Commission Chair Oliver Baines agreed and told SOUL Principal Efrem Varnado, “Culturally, we just need to do things a little different.”
Assemblymember Joaquin Arambula said the entire commission needs to remain involved in overseeing the agency’s finances, not just members of the audit committee.
“So I’m wanting to make sure, as our board chair has talked about a need for a culture change, that we’re evaluating the expenses to make sure that they’re more in line with our revenues,” he said.

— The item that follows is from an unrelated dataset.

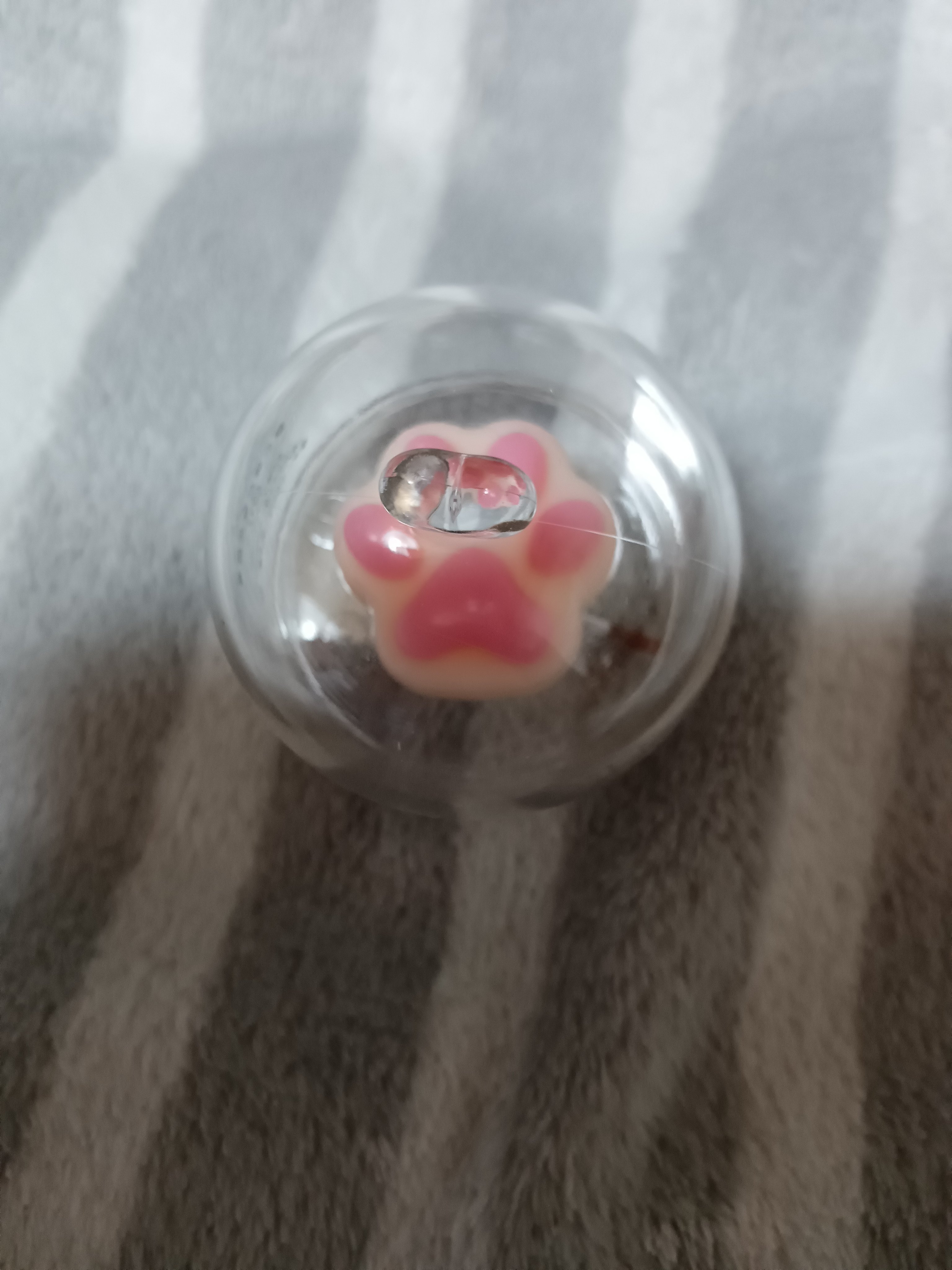 肉球リップバーム/OMGA/リップバームを使ったクチコミ（1枚目）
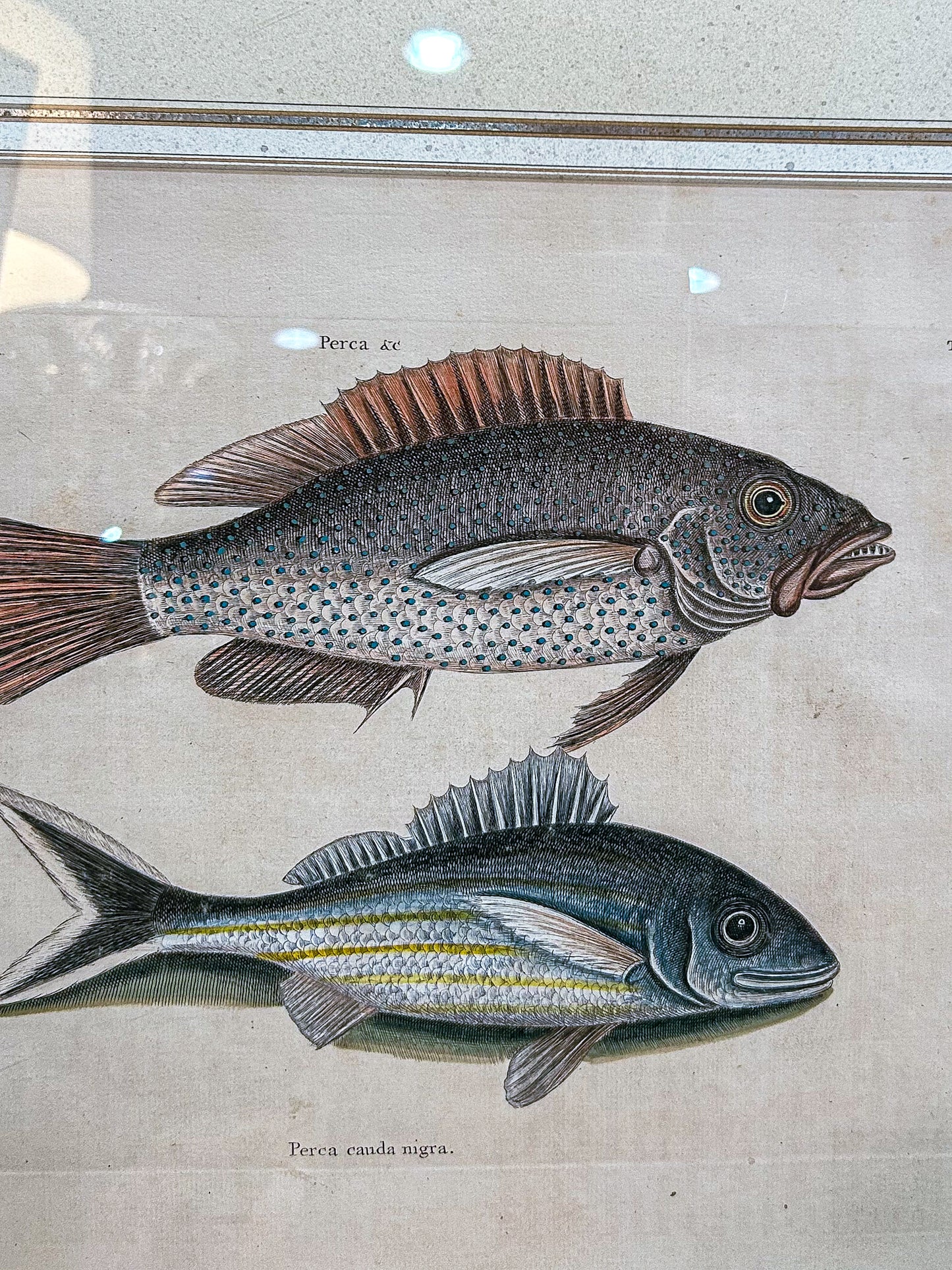18th Century Mark Catesby (1679-1749) Hand Colored Tail Fish Framed Engraving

Related Story: New Fresno EOC Chief: ‘We Have to Eliminate Bleeding Programs’
Huge Deficit Developed
The agency’s troubled finances first became publicly apparent late last year when Arambula replaced his mother, Amy, on the commission and then wrote a letter telling his fellow commissioners that the agency had depleted its reserves funds, later reported as $8 million, and was “hemorrhaging” money. The board put then-CEO Emilia Reyes on administrative leave in November and voted in December not to renew her contract.
Fresno EOC is one of the nation’s oldest community action agencies and was created by President Lyndon Johnson’s War on Poverty. It manages a number of social services and programs including Head Start, the Local Conservation Corps, and Women Infants and Children (WIC).
The 2024 audit conducted by Hudson and Company Inc. and discussed at Monday’s meeting examined specific programs as well as the agency’s overall budget and found no examples of deficiency or noncompliance. The audit reported that expenses exceeded revenues and support by nearly $4.1 million in 2024.
A new detail concerning the agency’s troubled finances surfaced during the audit report. Fresno EOC transferred $3 million from its employee health insurance reserve to provide additional income in 2024.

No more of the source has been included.